Healthcare providers counter that their pricing is too complicated for mere mortals to understand.


They talk of “cost shifting” that allows treatment of the uninsured to be paid in part by those with coverage. They insist their own cost structure is proprietary and thus can’t be revealed for competitive reasons.

Sierra Griffin, a Kaiser spokeswoman, declined to comment on the specifics of Hertzberg’s bill.

“We believe that by listing the full amount, we are helping members be aware of the costs associated with the services they have received, and the portion covered by their health plan,” she said.
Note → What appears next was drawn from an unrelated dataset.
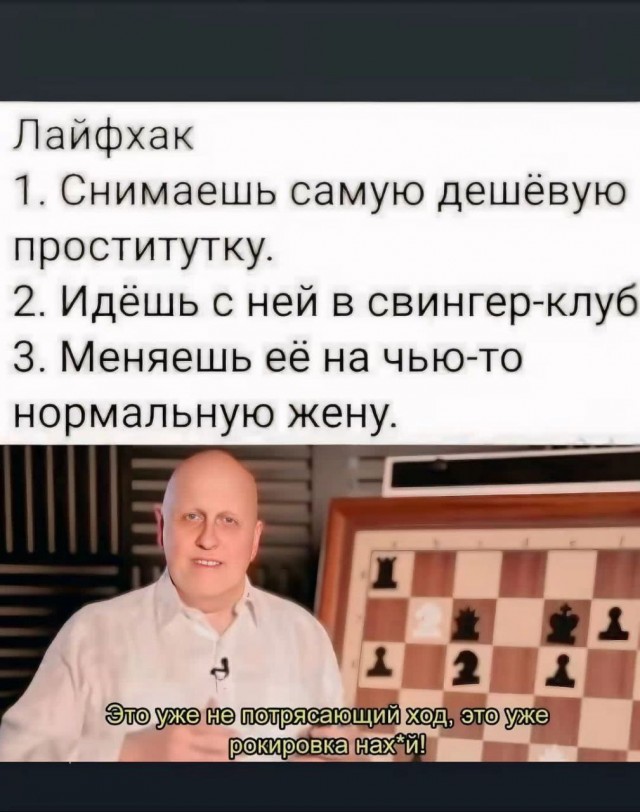 Забавные и не очень скромные картинки - 28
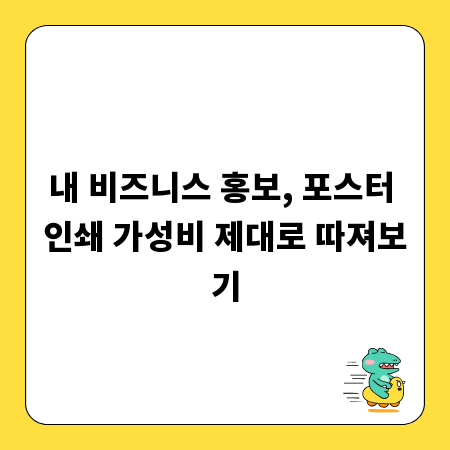 내 비즈니스 홍보, 포스터 인쇄 가성비 제대로 따져보기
“Our prices are based on a variety of factors, all of which relate to our costs for operating an integrated healthcare and coverage system. We regularly check our prices against current healthcare market rates, to help ensure our prices are fair and reasonable.”

Or at least on par with what everyone else is getting away with.

The reality is that the U.S. healthcare market is predicated on keeping patients in the dark so that providers, administrators, suppliers and legions of middlemen can all wet their beaks on people’s medical misfortune.

It’s a system designed to maintain the status quo and to prevent anyone from asking too many questions.


So until our elected officials find the political courage to do what their counterparts in every other developed country have done and enact some form of a single-payer insurance system, I propose simply opening a window and letting in some sunshine.

The Department of Health and Human Services should maintain an easily accessible, easily understood database of medical costs — how much specific tests and procedures cost on average in each state, and the department’s estimate of a fair price.

Healthcare bills should include the government’s fair-price estimate alongside the provider’s list price, with a brief explanation for why the list price is so much higher.

This won’t solve America’s healthcare problems. But it would at least provide a starting point for discussing the issue and, hopefully, shame some providers into placing patients before profits, at least more so than now.

And if medical providers believe their prices are fair, they should have no problem embracing such openness and sharing with patients their straightforward explanations for why bills are so high.

Or could it be that they don’t want us knowing?